Flooded West Virginia Braces for More Storms

With flood watches (search) in effect and the threat of additional rain looming, emergency officials braced for more rising waters following storms that overwhelmed streams and sewer systems and forced dozens to find refuge on rooftops and in hastily arranged shelters.

There were no immediate reports of any deaths or injuries Monday as floodwater rushed down creeks and roads in rural areas of Mingo, Kanawha counties west and north of Charleston, and in Nicholas County to the east.

Parts of Charleston and several rural Kanawha County suburbs suffered the worst of Monday's storms, with more than 50 homes heavily damaged or destroyed. County officials declared a state of emergency.

"Things are bad, but they don't look too bad -- considering," said Kanawha County Emergency Services (search) Director Bill White, who toured the county Monday. Local officials were assessing the damage on Tuesday.

Gov. Bob Wise asked President Bush to designate Kanawha County a disaster area. The designation could spell more financial relief from the Federal Emergency Management Agency (search) and the U.S. Small Business Administration (search).

The area is already recovering from heavy rain. Last Wednesday, a storm dumped nearly 21/2 inches of rain on the Charleston area in one hour, resulting in flash flooding that destroyed several houses and forced a nursing home to evacuate.

About 60 residents of the Meadowbrook Nursing Home were moved again Monday because of high water.

Several rugged counties in West Virginia got 2 to 3 inches of rain between midnight and noon Monday. More showers and thunderstorms were expected.

Charleston's hilltop Yeager Airport remained open to flights, but a swollen creek swamped a bridge on the main access road, cutting off travelers for more than two hours, marketing director Brian Belcher said.

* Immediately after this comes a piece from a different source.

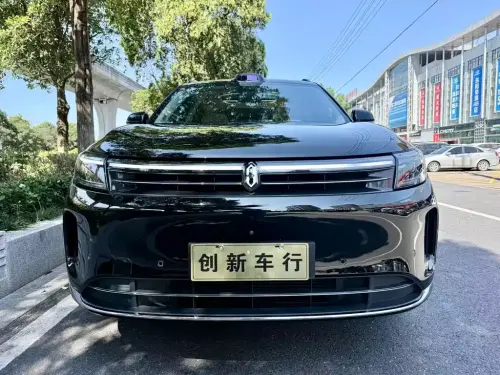 AITO M7, 2025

Belcher said the airport's conference room became a shelter for several families who had hiked up hillsides ahead of rising water. The Red Cross also set up an emergency shelter.

The same flood that blocked the airport road also swamped a Federal Express depot. At least a dozen workers took refuge on the roof.

A FedEx truck was washed off the airport road bridge. One rescuer had to be rescued himself after the propeller on his boat jammed.

About 5,000 American Electric Power customers in Kanawha County lost electricity, most because of trees falling onto power lines, spokesman Phil Moye said. About 27 Allegheny Power customers in Nicholas County also spent the day without electricity, but by late Monday power was restored, a spokesman said.

Mud left by high water was caked waist-high on buildings along the road. Yvonne Perry, 36, said her parents' house appeared to be "a total loss."

"Their outbuilding has floated away. There's a Jeep in my parents' yard right now that's not theirs," said Perry, whose parents are vacationing in North Carolina.

Perry said she did not know the fate of her own house, which is in the same area, because her street was impassible.

In Nicholas County, mudslides and water closed a highway near Drennen, where several houses and a church were flooded by water up to 6 feet deep. One lane of the road later reopened to traffic.

Several houses and a church in the Drennen area were flooded with up to six feet of water and some vehicles were damaged, said Junior Tucker, secretary of the Keslers Cross Lanes Volunteer Fire Department.